We continue uphill for some time, until we reach a turning that we think might lead to the beach. Instead we find ourselves walking down a winding steep road into another residential area with which we are not familiar. Even though it is still early evening, no one is wandering outside of their houses. This appears a well-lit ghost town, the only movement from cats protecting their temples and birds protecting their nests. It is soothing to feel completely alone in the quiet, like the island belongs to us.
On the way back, we witness the most extraordinary sight: a collective of women behind floor-length glass windows rehearsing a Noh Theatre performance. They perform several dances in costume with multiple props, including these spectacular gold fans. Royce tells me that the last time he visited this island he actively searched for this type of performance to attend, and here we were, serendipitously viewing from mere yards away one of Japan’s oldest theatrical traditions. Breathtaking.

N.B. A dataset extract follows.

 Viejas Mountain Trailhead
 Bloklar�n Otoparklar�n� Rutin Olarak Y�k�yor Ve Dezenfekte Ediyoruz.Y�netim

The next day, we do actually go to the beach. ‘Don’t try swimming in the water, though,’ he told me. ‘Last time I was here, the owner took me on a two hour boat ride and forced me to look underwater with goggles at all the poisonous snakes and eels and sharks and other things that could potentially kill me.’ ‘But they wouldn’t be in the shallow part of the water, would they?’ I pressed, keen to make use of my new bathing suit. He returned with this look that said, don’t make me say I told you so! But with the mid-afternoon sun beating down on my slowly reddening skin and the feeling of warm sand under my feet and between my toes, I couldn’t resist dashing calf-deep into the water, lifting my skirt when a wave came crashing by. And much to my relief, I survive this audacious act with all my limbs in tact.
There’s a slowness here. One that permits me to spend an uninterrupted amount of time watching to see if a community of hermit crabs will emerge from their shells for my own amusement. That encourages me to climb over steep, dark rocks beautifully misshapen by the tide rolling in, collect and admire and treasure brightly-coloured coral and shells from the sand, and twist a not-yet-ripe yellow-and-green pineapple from its own squealing maternal branch. Hours pass unnoticed and one fishing boat passes by; a handful of locals can be seen browsing the beach.
When I was younger and camping with my family, I used to wander off and find myself a large rock by the water on which to seat myself and write in my journal. Goodness knows what I wrote about, and whether or not my surroundings served as an environmental muse, but simply being there inspired this sense of calm and remove that I rarely find now living in the city and worrying about how much or how little I’ve accomplished day-to-day. There, my only purpose was to find my rock and sit on it and write. Here, it was to stare out into ocean and think about nothing beyond my surroundings. For once, that wasn’t difficult.